11. Animal Studies on VPA-Induced Teratogenicity

11.1. VPA-Induced MCMs–General

Since the confirmation of VPA as a potent human teratogen, many studies employing different laboratory animal species (mice, rats, zebra fish, hamsters, drosophila, chicken, calf, rabbits and monkeys) of various strains have made extensive efforts to recapitulate the adverse effects of VPA reported in humans, in order to understand the mechanisms by which this drug mediates teratogenicity [102,103,104,105,106,107,108,109,110,111,112].
Similar to its effects in humans, VPA has exhibited dose-related and developmental-age-dependent teratogenic effects in various forms including, but not limited to, increased mortality rate, intrauterine growth retardation, gross craniofacial and skeletal anomalies, epigenetic aberrations and neurodevelopmental disorders, including ASD-like behaviors, in all animal species studied [113,114,115,116,117,118].
In most studies, VPA was teratogenic, but the teratogenic dose differed from that in humans. Most malformations, when categorized at the organ-system levels, largely showed features and confirmations of ASD, neural tube defects (NTD), cardiovascular malformations, urogenital anomalies, limb malformations, brain cell abnormalities and facial and reproductive organ malformations [103,106,117,119,120,121,122,123,124,125,126,127] (Table 4).

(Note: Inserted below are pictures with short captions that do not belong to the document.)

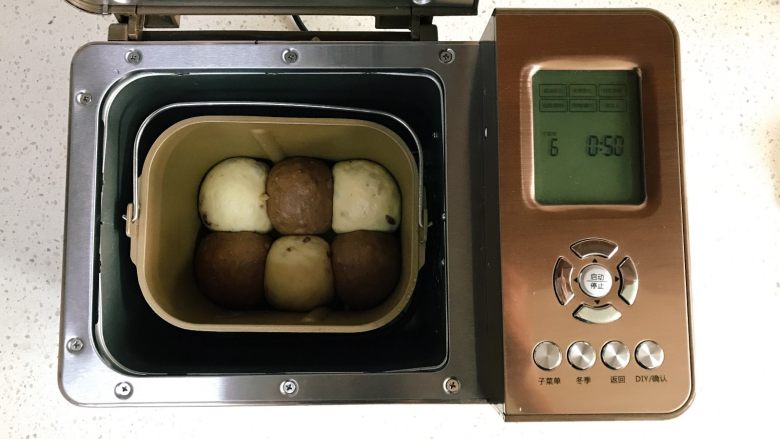 可可双色面包（面包机版）,再次滚圆，相间放入面包机桶内，进行第二次发酵，时间约为50分钟。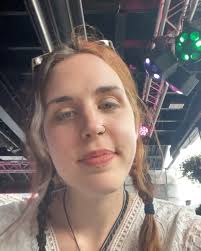 Gotta lift yo head up & look past your eyes sometimes🤍✨🌿 , #whoisshe?  #nobodytoldme #HannahG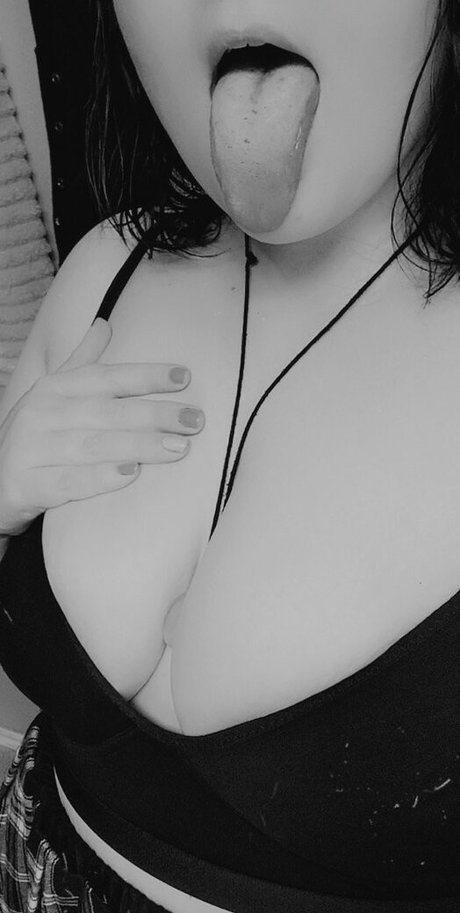 Nacktes geleaktes OnlyFans-Foto von Lewd Nico
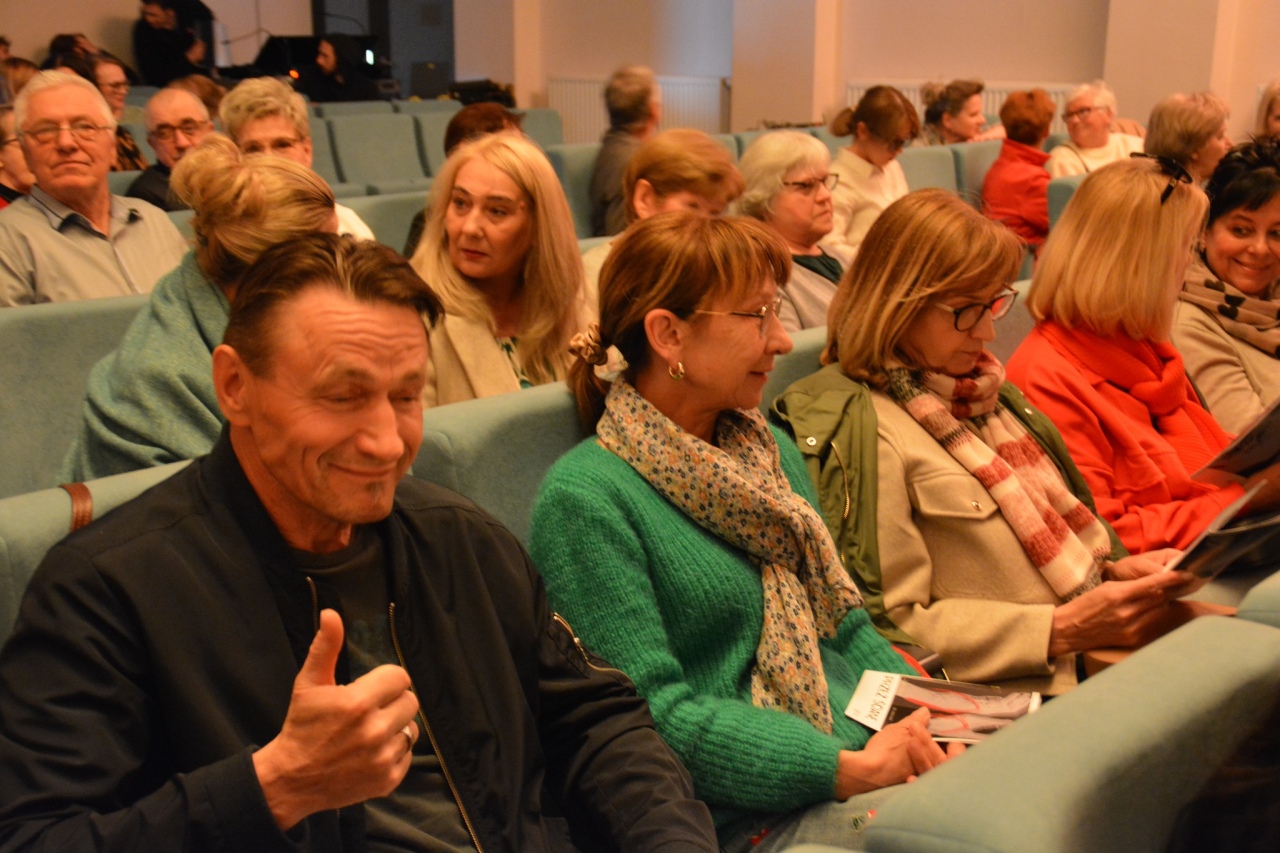 Spektakl Przez ścianę w Centrum Kultury Kurpiowskiej w Kadzidle [12.05.2025] - zdjęcie #4 - eOstroleka.pl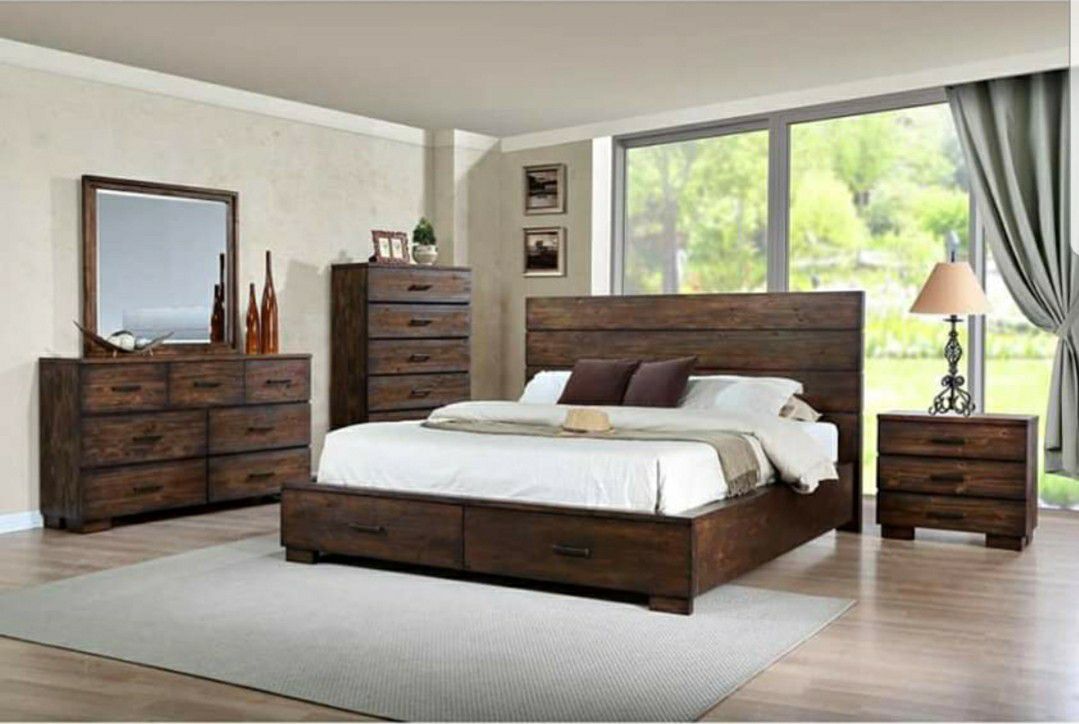 Wooden 3 Piece Queen Bedroom Set
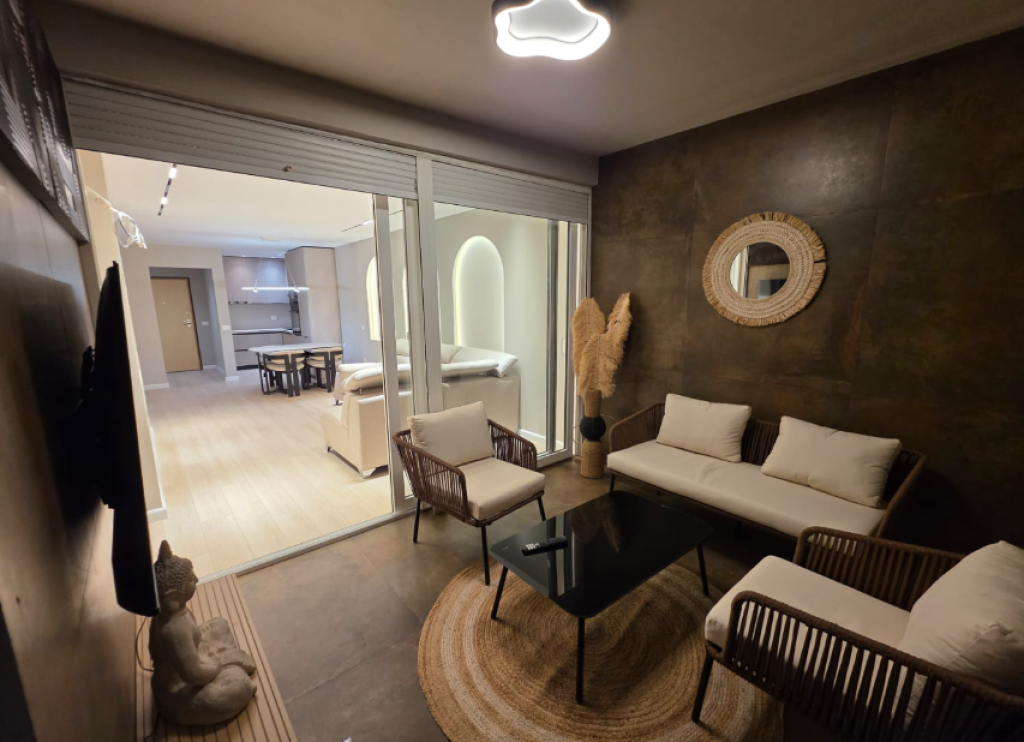 ✨ Apartament Modern 2+1 me Verandë – Ish Ekspozita  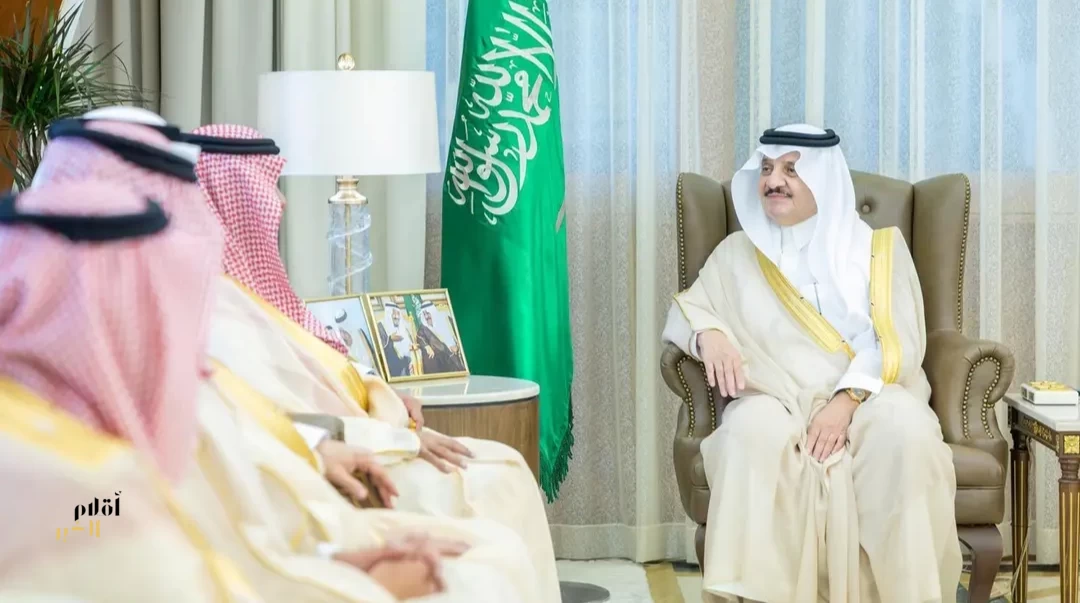 أمير المنطقة الشرقية يستقبل وزير الإعلام
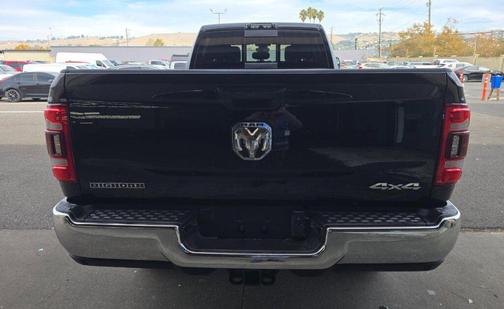 2022 RAM 3500 Big Horn Crew Cab 4x4 8' Box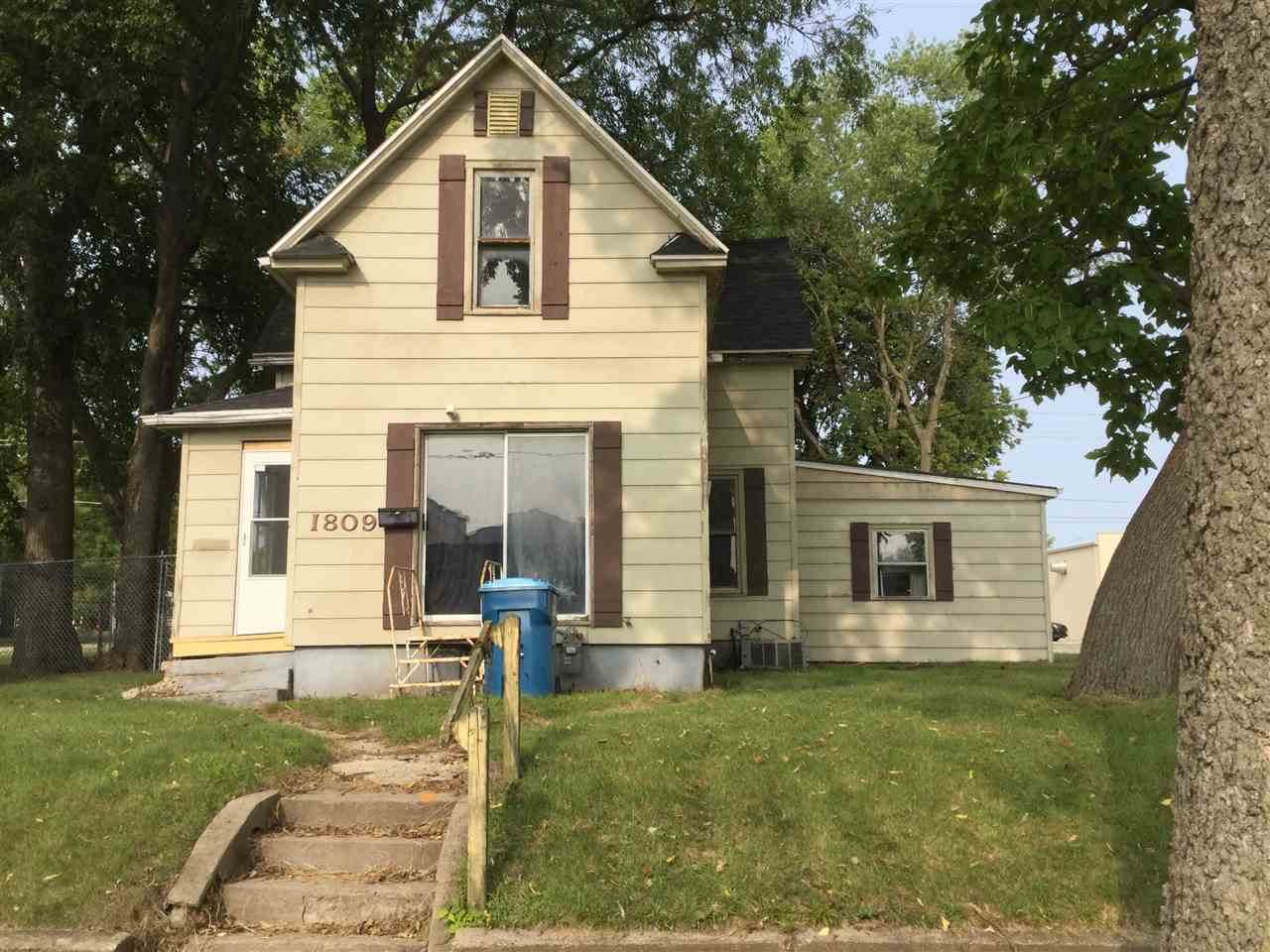 1809 Commercial Street - Photo 1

11.2. VPA-Induced General (Microscopic) Effects on the Nervous Tissue

VPA teratogenicity is manifested in brain tissue in different forms and magnitude, in a dose- and sex-related fashion. Mowery et al. [124] reported related abnormalities in the cerebellar nuclei of rodents prenatally exposed to VPA, with interpositus, fastigial and dentate nuclei of the cerebellum mostly affected. Hara et al., demonstrated in female mice offspring that exposure to VPA at GD 12.5 significantly decreased the number of Nissl-positive cells in the prefrontal cortex, supporting the dimorphism of VPA-induced social and communication deficits, and morphological changes in the somatosensory and prefrontal cortex leading to memory deficits [128]. In the parietal and occipital lobes of mouse cerebral cortex, VPA induced a characteristic asymmetry of parvalbumin (PV) cell reduction across hemispheres [129]. Ferret pups injected intraperitoneally with VPA, 200 μg/g on PND 6 and 7 (relatively late stage of corticogenesis), show that VPA causes an alteration in gyri formation specifically in the ferret’s frontal and parietotemporal cortical divisions [130]. VPA was administered to pregnant ICR mice as a single dose of 400 mg/kg on gestational days 6, 7, 8, or 9. The day 10 embryos revealed dose -dependent spinal nerve defects via a pathway that disrupts neural crest and somite formation but not related to the neural tube [102]. Damage to the cerebellar Purkinje cell layer was observed in young mice whose mothers were exposed to 400 mg/kg of VPA during pregnancy [121,128,131].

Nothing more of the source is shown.